The next phase of Larkinville is starting to get underway. It’s the part that sees infill, as well as the introduction of residential units, which is a key part of the Zemsky family vision. On Friday, I was invited to take an initial look at a historic rectory building that once served as a nunnery and a home for Larkin Men’s Club.

The brick building extends all the way from Seneca Street to Swan Street, situated directly behind the fire station located at the Larkin Square intersection. It is interesting to note that the rectory’s parent church is now a parking lot. It is thought that the building was demolished in 1937 as part of the Larkin Administration Building’s growing footprint. Leading up to the demolition, the church was used as an auditorium for the Larkin company.

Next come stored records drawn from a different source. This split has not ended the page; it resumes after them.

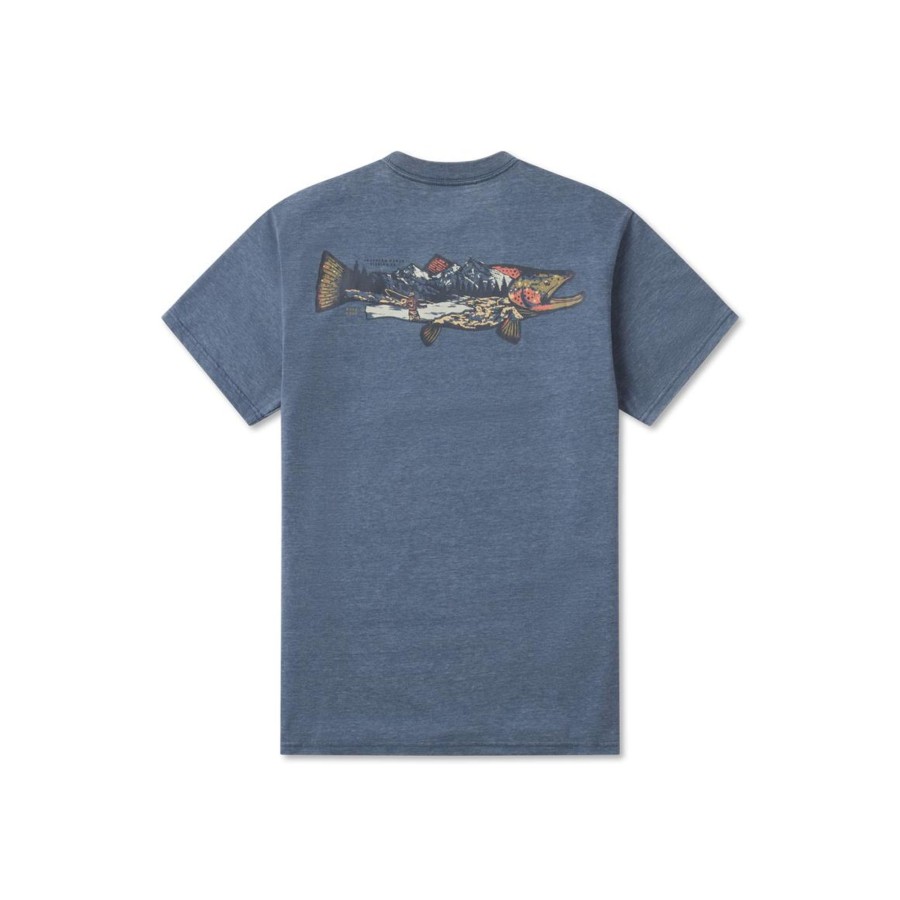 Men'S Southern Marsh Seawash Tees | Seawash Tee - Mountain Bounty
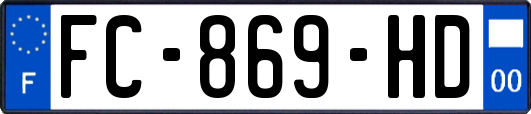 FC-869-HD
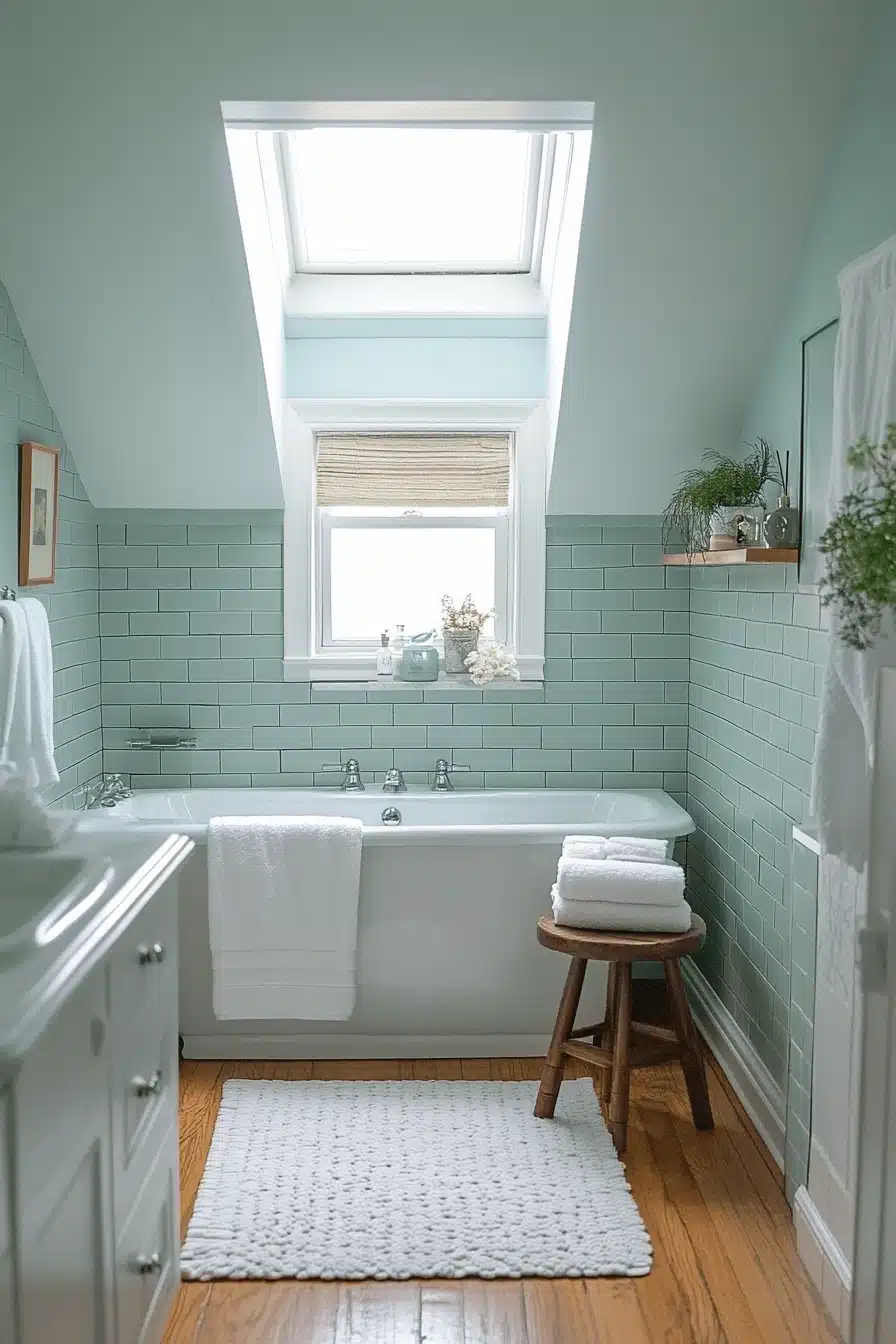 coastal bathroom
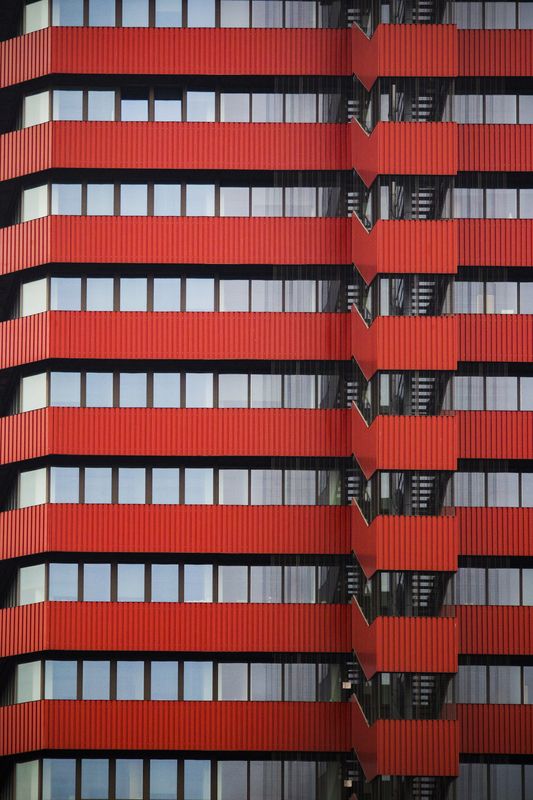 Architecture, Modern, Building, Facade, City, Apartment, Office, Building Exterior, Day, Skyscraper Collegium Altum - Poznań фото превью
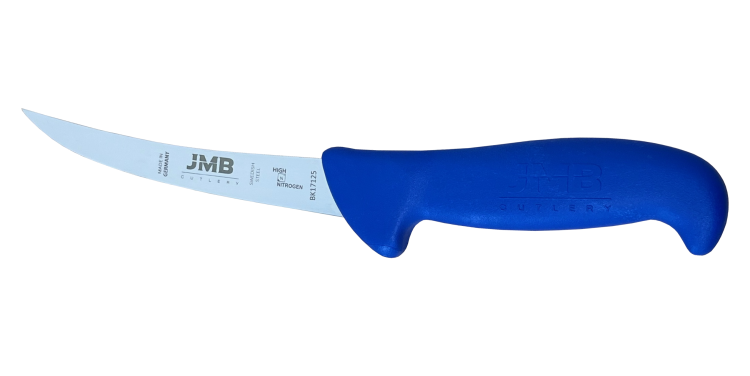 JMB nóż nr BK17125 twardy 12,5 cm niebieski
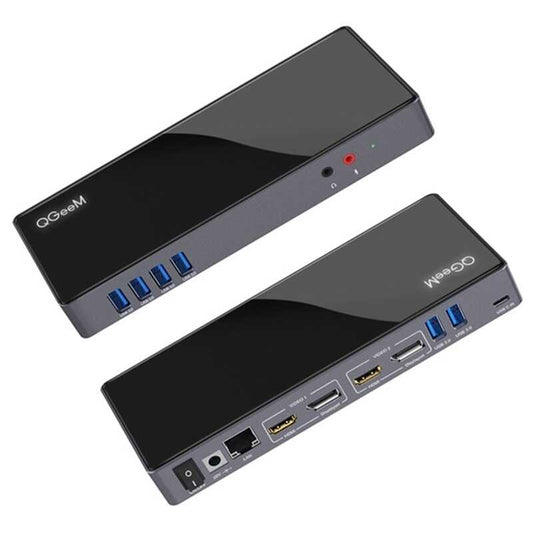 Qgeem QG-D6901 Type-C Usb Hub Siyah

Demolished church to the left, and demolished engine house to the right. The intact rectory is positioned front and center

Currently, the husband-wife team of Kayla Zemsky and Michael Myers, are in the midst of preparing the rectory building for a new use. Kayla is project manager at the Larkin Development Group. Michael recently served as project manager for the prominent British sculptor, Andy Goldsworthy, although his intentions are to “throttle back” his involvement in order to help develop and run the 696 Seneca project.

At this point, the team is just finishing select demo work on the property. Interestingly enough, there is no pass through from the older Seneca building (1890) and its Swan Street counterpart (1905), even though the two are buildings are bridged by a third (even newer) building. 

You can see the only existing remains of the Larkin Administration Building in this photo – a small partial brick wall can be circled in red at the top right of the image. The red brick rectory/nunnery building is in full view behind the yellow brick firehouse

According to Kayla and Michael, the building once served multiple purposes, including a nunnery, Lee’s Tavern, and a men’s club for Larkin Soap Company employees. They even tracked down a historic image…

While there are obviously a lot of significant missing architectural elements of this historic neighborhood, we should count our blessings that the rectory remains. The plan is convert the Swan Street end into five apartments, while converting the Seneca Street side into a commercial component, although there are no concrete plans for a business as of yet.

One thing is for sure – there’s a lot of history to work with, and these buildings exude bare bones character. When Kayla and Michael first got a hold of the rectory, the interiors were pretty much trashed – the interiors had ultimately been divided up as a rooming house. The first objective was to open everything back up, which is the state that we find it in today.

Next up is reinstating the original masonry window openings, which have been boxed in over the years. The buildings have great bones with which to work with. There are arch windows (interior), and Medina sandstone headers on the exterior.

Apparently, the building was “caught just at the right time” – there is water damage inside, but nothing insurmountable. There’s plenty of brick to work with, along with architectural character including a domed space that was once used for small congregations (perfect for a lofted residential unit).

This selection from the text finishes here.